# Business Riders Rejoice? Okay, Uber, now add a Tip option!



## RichR (Feb 12, 2016)

If you're registered as an Uber rider, you probably saw this email (I got it this morning):

Subject: Business Riders Rejoice - Auto-Expense your Uber Rides
From: Uber <[email protected]> 
*Uber receipts now expensed automatically*

Expense reports are a pain - we agree - but now, receipts for the rides you take for work can be automatically sent to your expense provider. Simply link Concur, Certify or Chrome River with your business profile.

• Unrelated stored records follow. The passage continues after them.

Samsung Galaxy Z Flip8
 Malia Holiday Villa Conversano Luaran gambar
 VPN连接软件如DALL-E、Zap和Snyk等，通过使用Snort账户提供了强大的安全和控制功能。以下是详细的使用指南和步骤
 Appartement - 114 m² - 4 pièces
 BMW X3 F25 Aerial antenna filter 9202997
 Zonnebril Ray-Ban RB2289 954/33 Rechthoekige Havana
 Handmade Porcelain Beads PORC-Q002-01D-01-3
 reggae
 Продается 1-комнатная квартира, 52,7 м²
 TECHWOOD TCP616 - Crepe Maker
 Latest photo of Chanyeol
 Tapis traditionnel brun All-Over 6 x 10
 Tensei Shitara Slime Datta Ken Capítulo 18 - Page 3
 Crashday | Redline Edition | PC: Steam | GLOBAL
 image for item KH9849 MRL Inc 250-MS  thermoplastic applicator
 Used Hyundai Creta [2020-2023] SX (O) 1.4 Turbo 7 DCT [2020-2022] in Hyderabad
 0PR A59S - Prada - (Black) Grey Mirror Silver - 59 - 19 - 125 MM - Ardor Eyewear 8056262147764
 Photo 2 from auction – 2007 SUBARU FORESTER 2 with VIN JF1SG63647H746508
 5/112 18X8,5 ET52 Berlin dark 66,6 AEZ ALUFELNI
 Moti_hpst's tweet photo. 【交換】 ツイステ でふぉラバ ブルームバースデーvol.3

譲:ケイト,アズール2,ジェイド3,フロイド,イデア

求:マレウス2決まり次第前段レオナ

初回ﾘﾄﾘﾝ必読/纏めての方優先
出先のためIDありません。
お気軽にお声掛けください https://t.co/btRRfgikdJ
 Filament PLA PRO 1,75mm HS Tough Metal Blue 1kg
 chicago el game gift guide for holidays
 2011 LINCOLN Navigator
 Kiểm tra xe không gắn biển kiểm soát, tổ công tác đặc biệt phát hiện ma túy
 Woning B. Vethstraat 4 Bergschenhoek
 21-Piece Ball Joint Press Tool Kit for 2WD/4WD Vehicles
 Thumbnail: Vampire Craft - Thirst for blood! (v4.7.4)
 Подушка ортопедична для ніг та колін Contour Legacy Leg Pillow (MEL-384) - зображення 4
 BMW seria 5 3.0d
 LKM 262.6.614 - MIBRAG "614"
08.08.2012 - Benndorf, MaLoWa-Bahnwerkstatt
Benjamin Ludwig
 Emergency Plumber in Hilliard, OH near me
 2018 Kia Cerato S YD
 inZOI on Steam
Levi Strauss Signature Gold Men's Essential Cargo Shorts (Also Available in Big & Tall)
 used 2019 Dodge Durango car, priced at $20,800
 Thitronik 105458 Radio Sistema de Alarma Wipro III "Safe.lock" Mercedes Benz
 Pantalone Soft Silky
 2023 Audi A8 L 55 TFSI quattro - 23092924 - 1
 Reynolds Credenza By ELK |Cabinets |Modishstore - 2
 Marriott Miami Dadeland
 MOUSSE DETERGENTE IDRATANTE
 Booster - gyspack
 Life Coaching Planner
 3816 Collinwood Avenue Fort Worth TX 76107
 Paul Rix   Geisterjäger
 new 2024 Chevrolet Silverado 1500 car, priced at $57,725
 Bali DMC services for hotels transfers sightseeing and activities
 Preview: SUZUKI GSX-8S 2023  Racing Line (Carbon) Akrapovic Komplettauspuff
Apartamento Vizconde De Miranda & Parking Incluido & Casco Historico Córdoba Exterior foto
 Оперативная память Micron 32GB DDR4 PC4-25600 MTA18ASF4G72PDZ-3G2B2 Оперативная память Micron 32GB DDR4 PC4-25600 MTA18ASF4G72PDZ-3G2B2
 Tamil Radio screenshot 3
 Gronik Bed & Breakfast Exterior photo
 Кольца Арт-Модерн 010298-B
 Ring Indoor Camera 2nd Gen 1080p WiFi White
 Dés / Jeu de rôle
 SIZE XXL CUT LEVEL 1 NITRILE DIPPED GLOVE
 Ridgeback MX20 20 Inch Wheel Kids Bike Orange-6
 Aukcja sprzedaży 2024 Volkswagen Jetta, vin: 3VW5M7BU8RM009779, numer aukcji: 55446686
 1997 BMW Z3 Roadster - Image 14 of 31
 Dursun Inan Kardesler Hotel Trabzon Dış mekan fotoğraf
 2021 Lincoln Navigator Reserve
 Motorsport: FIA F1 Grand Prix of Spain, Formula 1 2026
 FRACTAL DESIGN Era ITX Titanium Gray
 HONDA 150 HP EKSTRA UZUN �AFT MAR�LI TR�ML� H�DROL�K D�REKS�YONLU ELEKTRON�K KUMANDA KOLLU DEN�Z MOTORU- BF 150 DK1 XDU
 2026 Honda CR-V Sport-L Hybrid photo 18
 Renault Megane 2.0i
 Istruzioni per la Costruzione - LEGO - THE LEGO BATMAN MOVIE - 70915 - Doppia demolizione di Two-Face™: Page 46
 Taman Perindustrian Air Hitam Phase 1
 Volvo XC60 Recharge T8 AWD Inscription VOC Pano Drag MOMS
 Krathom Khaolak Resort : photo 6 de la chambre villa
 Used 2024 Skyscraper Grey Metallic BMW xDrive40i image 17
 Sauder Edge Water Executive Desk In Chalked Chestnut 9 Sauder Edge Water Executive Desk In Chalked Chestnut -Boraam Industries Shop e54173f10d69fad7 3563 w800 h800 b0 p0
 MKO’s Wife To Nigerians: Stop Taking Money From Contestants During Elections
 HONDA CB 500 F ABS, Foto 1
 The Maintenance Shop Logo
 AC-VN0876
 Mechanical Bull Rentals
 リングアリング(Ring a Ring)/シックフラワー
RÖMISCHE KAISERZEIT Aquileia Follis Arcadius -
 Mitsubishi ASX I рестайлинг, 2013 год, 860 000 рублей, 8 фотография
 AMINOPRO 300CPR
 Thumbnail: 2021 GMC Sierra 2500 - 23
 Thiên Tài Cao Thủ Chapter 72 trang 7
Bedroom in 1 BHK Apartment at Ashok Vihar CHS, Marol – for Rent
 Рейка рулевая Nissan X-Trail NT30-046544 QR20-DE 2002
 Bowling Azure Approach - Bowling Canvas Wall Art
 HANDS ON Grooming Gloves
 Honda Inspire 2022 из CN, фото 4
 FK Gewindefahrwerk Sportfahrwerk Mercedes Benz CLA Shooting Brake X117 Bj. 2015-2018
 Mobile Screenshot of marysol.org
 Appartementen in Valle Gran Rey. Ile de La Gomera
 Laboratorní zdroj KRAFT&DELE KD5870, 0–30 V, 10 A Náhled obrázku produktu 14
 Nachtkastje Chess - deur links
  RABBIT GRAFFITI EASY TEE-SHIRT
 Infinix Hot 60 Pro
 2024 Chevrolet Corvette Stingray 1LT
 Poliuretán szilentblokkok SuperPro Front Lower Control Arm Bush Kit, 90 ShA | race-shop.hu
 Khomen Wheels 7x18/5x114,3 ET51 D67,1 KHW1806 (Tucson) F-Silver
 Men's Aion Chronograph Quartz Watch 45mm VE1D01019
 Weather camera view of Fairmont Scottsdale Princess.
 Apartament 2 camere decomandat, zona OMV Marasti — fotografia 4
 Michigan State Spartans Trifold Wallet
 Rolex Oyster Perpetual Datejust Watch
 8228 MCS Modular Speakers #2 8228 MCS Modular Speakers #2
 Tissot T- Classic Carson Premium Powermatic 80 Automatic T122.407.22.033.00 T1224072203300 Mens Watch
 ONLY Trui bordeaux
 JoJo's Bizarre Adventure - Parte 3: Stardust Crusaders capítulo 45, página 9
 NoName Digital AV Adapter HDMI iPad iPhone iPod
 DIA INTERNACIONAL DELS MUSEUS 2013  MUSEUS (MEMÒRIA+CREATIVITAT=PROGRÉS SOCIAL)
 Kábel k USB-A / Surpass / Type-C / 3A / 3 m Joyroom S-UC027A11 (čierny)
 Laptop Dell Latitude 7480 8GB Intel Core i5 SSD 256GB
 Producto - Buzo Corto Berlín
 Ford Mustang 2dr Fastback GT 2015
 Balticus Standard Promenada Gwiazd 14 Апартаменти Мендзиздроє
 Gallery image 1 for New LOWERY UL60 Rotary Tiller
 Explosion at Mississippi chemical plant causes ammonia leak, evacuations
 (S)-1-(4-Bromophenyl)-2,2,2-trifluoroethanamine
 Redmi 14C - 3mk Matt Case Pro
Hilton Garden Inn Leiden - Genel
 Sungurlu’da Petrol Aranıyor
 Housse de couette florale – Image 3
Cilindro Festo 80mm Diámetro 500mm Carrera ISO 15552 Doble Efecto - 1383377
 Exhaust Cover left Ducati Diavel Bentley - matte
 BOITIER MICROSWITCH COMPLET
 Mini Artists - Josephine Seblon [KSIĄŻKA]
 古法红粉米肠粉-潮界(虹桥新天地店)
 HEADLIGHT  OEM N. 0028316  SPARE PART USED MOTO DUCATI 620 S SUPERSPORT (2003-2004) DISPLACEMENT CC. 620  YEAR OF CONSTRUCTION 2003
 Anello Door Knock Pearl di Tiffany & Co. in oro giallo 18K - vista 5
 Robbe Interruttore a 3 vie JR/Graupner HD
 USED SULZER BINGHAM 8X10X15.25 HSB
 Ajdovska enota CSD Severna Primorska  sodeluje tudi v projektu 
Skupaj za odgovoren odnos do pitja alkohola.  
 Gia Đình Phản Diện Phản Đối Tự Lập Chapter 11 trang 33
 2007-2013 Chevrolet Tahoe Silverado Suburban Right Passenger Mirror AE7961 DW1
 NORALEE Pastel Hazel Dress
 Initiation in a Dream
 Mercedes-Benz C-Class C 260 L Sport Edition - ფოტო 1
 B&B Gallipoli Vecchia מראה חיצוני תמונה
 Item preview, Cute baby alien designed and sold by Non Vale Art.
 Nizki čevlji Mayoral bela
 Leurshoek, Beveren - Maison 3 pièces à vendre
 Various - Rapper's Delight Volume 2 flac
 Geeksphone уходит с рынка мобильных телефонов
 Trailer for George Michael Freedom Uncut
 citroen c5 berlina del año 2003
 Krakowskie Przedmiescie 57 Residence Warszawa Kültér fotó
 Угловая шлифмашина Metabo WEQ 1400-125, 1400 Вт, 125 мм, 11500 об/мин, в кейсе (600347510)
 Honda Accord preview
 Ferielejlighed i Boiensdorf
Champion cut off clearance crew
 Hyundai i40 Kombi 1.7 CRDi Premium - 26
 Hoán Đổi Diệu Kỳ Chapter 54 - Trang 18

Visit "Settings" in the Uber app.
Tap "Business" in the Profiles section.
Tap "Expense Provider" and link with your Business Profile.
Keep riding and save time on expensing!
As a rider and a driver, I'm glad Uber is (finally) adding this feature. Anything that makes it easier for business riders to use Uber is good.

But, *as a business rider on an expense account, *I want Uber to put a tip option in the app (at least for business riders). My employer _expects _me to tip cab drivers on my company credit card. And _every cab's credit card payment system has a tip option._ That means riders don't have to worry about having cash or the correct change to leave a good tip. When I use cash, I either eat it or submit it for reimbursement.

C'mon, Uber. Even if you want to take your cut of the tip, just do it already. For business riders, at least.


----------



## Greguzzi (Jan 9, 2016)

It's never going to happen so long as Travi K is running Uber.


----------



## secretadmirer (Jul 19, 2015)

If you really want to receive tips, give up uber and driver for Crapids yellow cab or century cab. $3/ mile and split the fare and gas. No other expenses. Much better chance of receiving tips. Like greguzzi said, travee boy isn't going to allow a tip option. I don't know how anyone can drive for .70/mile. Uber will keep lowing the fare rate as long as people are willing to drive for them. Look around you. Detroit is 30cents/mile. It could easily happen in other places.


----------



## RichR (Feb 12, 2016)

secretadmirer said:


> Look around you. Detroit is 30cents/mile.


It's also 30¢ a minute there.

But I hear you.

And Travis will introduce the tipping option if and as soon as he decides it will increase the Uber bottom line.


----------